# Renault-Nissan alliance, Google to partner on SDC - Nikkei



## ECOMCON (Dec 30, 2018)

Feb 5 (Reuters) - The Renault-Nissan-Mitsubishi alliance will tie up with Alphabet Inc'sGoogle to develop autonomous taxis and other services using self-driving vehicles, the Nikkei reported on Tuesday.

https://www.nasdaq.com/article/rena...to-partner-on-selfdriving-cars-20190205-00328

Google's self-driving car company Waymo will work with the carmakers and announce a plan for the arrangement as early as this spring, the business daily reported. (s.nikkei.com/2SdCWSv)


----------



## tohunt4me (Nov 23, 2015)

Didnt Realize Nissan was in that bad of Trouble !


----------



## Single Malt (Nov 11, 2018)

tohunt4me said:


> Didnt Realize Nissan was in that bad of Trouble !

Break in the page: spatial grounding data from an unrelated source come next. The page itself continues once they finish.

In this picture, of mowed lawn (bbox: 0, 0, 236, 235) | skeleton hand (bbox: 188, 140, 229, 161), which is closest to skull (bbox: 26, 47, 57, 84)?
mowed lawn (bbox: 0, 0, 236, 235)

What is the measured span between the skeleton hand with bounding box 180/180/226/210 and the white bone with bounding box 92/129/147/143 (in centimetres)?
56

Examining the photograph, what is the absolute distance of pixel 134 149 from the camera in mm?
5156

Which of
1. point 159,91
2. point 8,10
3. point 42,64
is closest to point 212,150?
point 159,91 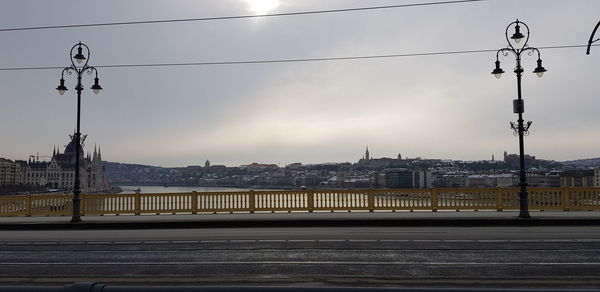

Evey car maker in the world is in trouble. This is a paradigm shit in how we move people and things. Nissan has no choice, nor does anyone else.


----------



## goneubering (Aug 17, 2017)

tohunt4me said:


> Didnt Realize Nissan was in that bad of Trouble !


From the article.

_
A spokesman at the Renault-Nissan-Mitsubishi alliance Nick Twork said, "This (Nikkei) story is based on rumors and speculation. We have nothing to announce."_


----------



## tohunt4me (Nov 23, 2015)

Nissan screwed up bad with transmissions the last few years.
Like Ford.
People WONT buy JUNK anymore.
Too many choices.


----------



## iheartuber (Oct 31, 2015)

Single Malt said:


> Evey car maker in the world is in trouble. This is a paradigm shit in how we move people and things. Nissan has no choice, nor does anyone else.


Lemme ask you something

Instead of your real estate developer friends trying to force a fascist system of transportation in this country why don't they simply do it in another country first where the people would be much more willing to be controlled?


----------



## Single Malt (Nov 11, 2018)

tohunt4me said:


> Nissan screwed up bad with transmissions the last few years.
> Like Ford.
> People WONT buy JUNK anymore.
> Too many choices.


People won't buy anything anymore. The cars are going into a self driving taxi service and they won't have transmissions. They'll be electric.



Single Malt said:


> Evey car maker in the world is in trouble. This is a paradigm shit in how we move people and things. Nissan has no choice, nor does anyone else.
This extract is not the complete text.